悠久の時を超えて語り継がれるバガヴァッド・ギーターは、クルクシェートラの地で繰り広げられた壮大な戦いを舞台としています。
その戦いでは、パーンダヴァとカウラヴァという二つの大きな勢力が相対しました。
パーンダヴァ側にはクリシュナ神の教えを受けるアルジュナがいる一方で、カウラヴァ側には盲目の王であるドリタラーシュトラの息子たちがいたことで知られます。
このクリシュナ神とアルジュナの対話を伝えたのは、ドリタラーシュトラ王の御者であるサンジャヤでした。
ドリタラーシュトラ王は光を失っていたために、戦場の様子を知るにはサンジャヤの目を必要としていたからです。

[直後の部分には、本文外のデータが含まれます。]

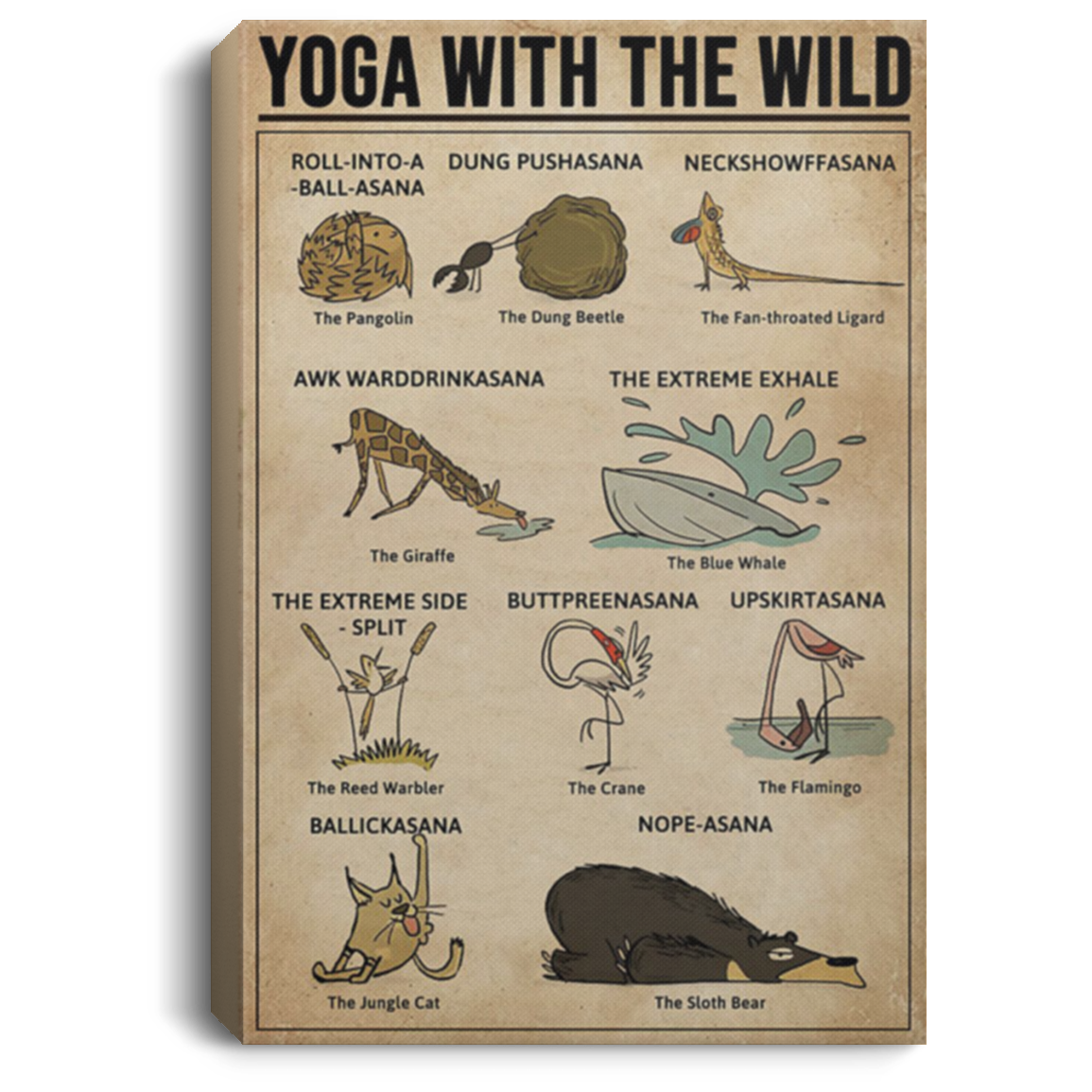 200818EE Yoga With The Wild Wall Art Canvas Custom Awesome Birthday Christmas Ideas Great Gift Decoration 8x12 12x18 16x24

このサンジャヤという人物の存在を深く掘り下げると、バガヴァッド・ギーターの神髄により深く触れることができます。
サンジャヤは、聖仙ヴィヤーサから授かった神聖な視力(ディヴィヤ・ドリシュティ)によって、遠く離れた戦場で繰り広げられる出来事を克明に見通すことができました。
さらに、個人的な感情や判断を交えないサンジャヤの語りは、揺るぎない信頼性と清らかな客観性を帯びています。
このサンジャヤが語り手であることにより、バガヴァッド・ギーターの尊い教えはありのままの姿で私たちの心に届けられ、その戦場の真実を今ここで静かに見つめることができています。
サンジャヤの存在は、結果に執着せず、義務をまっとうし、正しい行為を実践するカルマ・ヨーガの教えを体現しています。
クルクシェートラの戦場で繰り広げられる激しい戦いを目の当たりにしながらも、サンジャヤは常に冷静さを保ち、事実をありのままに伝え続けました。
そうして淡々と自分の務めを果たすサンジャヤの姿勢は、真実を生きる者の理想を体現しています。
時に戦場のように荒れ狂う人生において、私たちは経験する出来事に心を揺さぶられ、真実を見失うことが少なくありません。
しかし、サンジャヤが戦いの混乱を冷静に観察する姿は、人生の出来事に惑わされず、義務をまっとうする理想的な姿をあらわしています。
その過程で生まれる視力こそ、私たちに真実を理解する力を与えてくれるものです。
こうしたサンジャヤの姿勢を学ぶことで、私たちは感情の渦に巻き込まれることなく、真実を見通す目を養うことが可能になります。
その神聖な視力は、すべての人に内在する崇高な意識への目覚めを意味するものでもあります。
そのような視力を持って生きる時、人生のいかなる試練も成長の糧として受け止め、究極の目的に向かって突き進むことができるはずです。